EXERCISE
Within this material, how many lines have the string "Gold" in them? The answer is a number, with nothing added.

_ _ _ _

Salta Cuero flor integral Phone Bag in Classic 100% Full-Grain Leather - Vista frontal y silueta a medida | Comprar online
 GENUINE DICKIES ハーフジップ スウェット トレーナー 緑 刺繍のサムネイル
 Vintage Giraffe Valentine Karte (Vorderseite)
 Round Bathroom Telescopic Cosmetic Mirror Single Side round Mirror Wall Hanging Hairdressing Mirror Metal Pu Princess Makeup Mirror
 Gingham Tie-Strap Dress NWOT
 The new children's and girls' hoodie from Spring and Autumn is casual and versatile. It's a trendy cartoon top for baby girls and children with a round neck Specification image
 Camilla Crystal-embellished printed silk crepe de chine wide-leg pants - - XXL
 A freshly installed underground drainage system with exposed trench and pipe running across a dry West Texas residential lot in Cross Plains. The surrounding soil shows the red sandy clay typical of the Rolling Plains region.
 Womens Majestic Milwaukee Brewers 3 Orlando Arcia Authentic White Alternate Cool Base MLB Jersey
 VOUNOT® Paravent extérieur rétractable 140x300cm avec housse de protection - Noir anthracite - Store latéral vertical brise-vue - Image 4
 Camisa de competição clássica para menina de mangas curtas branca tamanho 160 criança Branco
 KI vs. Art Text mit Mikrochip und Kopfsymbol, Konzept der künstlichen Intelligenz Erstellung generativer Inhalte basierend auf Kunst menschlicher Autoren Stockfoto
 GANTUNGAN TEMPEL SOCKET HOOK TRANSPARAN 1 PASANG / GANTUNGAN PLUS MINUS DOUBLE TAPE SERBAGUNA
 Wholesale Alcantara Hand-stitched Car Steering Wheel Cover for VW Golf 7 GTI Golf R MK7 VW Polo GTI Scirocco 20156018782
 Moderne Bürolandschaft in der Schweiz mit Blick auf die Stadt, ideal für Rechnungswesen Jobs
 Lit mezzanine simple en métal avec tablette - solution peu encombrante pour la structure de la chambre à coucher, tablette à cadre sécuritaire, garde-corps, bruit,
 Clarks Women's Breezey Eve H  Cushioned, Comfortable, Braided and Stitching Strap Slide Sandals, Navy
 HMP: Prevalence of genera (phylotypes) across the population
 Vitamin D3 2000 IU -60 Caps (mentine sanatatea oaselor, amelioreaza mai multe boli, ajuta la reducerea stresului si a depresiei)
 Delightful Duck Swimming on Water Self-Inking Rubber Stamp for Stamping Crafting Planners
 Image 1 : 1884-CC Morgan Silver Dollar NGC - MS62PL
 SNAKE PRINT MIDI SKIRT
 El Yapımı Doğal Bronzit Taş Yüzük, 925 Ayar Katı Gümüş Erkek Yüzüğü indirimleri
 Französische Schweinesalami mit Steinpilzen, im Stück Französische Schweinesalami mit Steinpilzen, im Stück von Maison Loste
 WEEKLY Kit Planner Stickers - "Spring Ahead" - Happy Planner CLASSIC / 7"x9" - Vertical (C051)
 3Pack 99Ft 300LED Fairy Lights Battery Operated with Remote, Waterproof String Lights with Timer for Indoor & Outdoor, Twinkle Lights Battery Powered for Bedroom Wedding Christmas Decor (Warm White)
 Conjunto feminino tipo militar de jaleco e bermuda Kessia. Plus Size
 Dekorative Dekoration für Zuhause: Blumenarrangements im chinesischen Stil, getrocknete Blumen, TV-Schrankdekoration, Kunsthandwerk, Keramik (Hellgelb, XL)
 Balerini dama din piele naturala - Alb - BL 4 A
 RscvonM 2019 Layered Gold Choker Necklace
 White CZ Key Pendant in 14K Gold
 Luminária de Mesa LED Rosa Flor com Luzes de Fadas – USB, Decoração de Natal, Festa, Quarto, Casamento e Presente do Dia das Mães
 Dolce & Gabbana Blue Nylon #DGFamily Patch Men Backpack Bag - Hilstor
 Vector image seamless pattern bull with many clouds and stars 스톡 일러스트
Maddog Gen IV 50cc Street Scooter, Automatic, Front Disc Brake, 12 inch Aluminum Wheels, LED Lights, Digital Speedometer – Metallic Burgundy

_ _ _ _

WRITTEN RESPONSE
2